Tuesday, March 27, 2012

So, how are PTS, PFA, and ERB force shaping tools working out?

Interesting things coming out of the Fleet about Force shaping tools we have been using. We've seen these cockups before ... but after awhile you start to wonder who had a clear and honest view from the Fleet. This shouldn't be a shock to anyone ... unless we simply have a command climate that does not allow anything but the best case scenario to be used to make decisions.

You have to wonder if the "Most Likely" and "Most Dangerous" are even in the briefing package - or do they simply go for what is the easiest for both the briefer and briefee - the "Best Case?"

As expected, the Force reduction plans we have out there are not quite producing the 2nd and 3rd order effects we wanted; and the emails and Skypes are coming in.

AIRPAC and AIRLANT recently identified a record number of over 500 crossdecks, diverts, and TADs conducted this year to keep deploying carriers and TACAIR squadrons at FFC-mandated 90% rating fit. That is just about twice the FY11 rate. ~100 of that 500 are needed to meet FFC-CPF mandated reliefs for Sailors coming home for mandatory transition and processing due to ERB.

For the next round the number is over 600.

So, are we over manned, inefficiently manned - or are those in charge of enlisted manning reductions going to receive a good wire brushing for not planning for this?

Here is the question - if the Force is lean ... then where is fat?

Simple place to start - Shore staffs. Sailors belong on ships; ships belong at sea. Firewall that then work out until you run out of bodies and the Shore screams.

Instead of going after rates - we need to go after other variables. First item - leave the tip of the spear alone and focus on the bloated and pampered shaft. Get a run of who has not deployed in the last decade. Cut Shore BA/NMP focused on those "nice to have" billets that we know are out there.

Once you do that - then take a deep breath and ... enable the flattening and narrowing of our Staffs by making an immediate 20% reduction in Flag Officers. That is the shock that will force the change (and the Navy will be just fine).
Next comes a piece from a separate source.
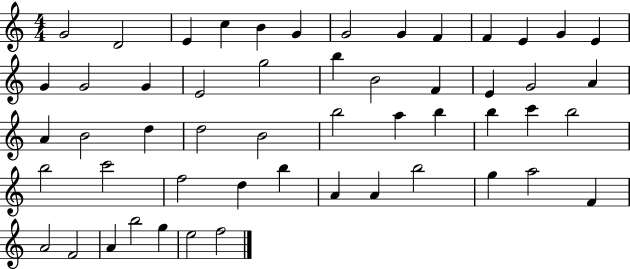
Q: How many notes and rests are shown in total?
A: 53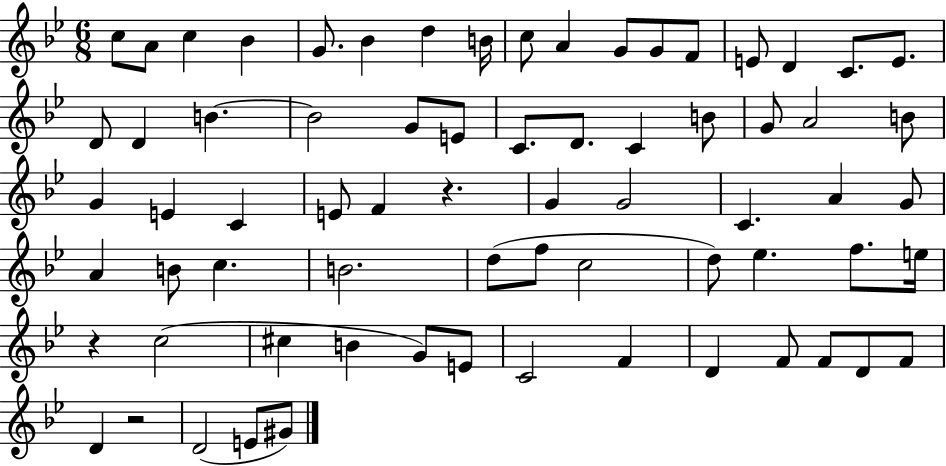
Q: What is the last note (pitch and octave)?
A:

Gather the last 5 Surface, Air, and Subsurface Commanding Officers who just left CDR Command, lock them in a room and tell them to cut and gut the Staffs they have been feeding over the last few years. They have the best view of bureaucratic overhead and the pain it causes; they will give you the best plan. The Force at Sea is in pain - time to shift it to Shore.

If you must give a general quota of serving personnel heading out the door by the end of the FY - then give COs their % or # and the ability to decide who goes home and who does not. They have the best view of personnel. Let them pick.

Whatever we did in planning for this reduction, we did not do it right. Why wasn't it done right? Simple, it was overly centralized and bureaucratic. Trust your O5/O6 leadership at the front more, and less on Millington and the Potomac Flotilla.

What is the solution now? Good question. First step would be a "N1 Standdown" to make sure present and future plans don't repeat this problem, or make this worse - then find a better way forward.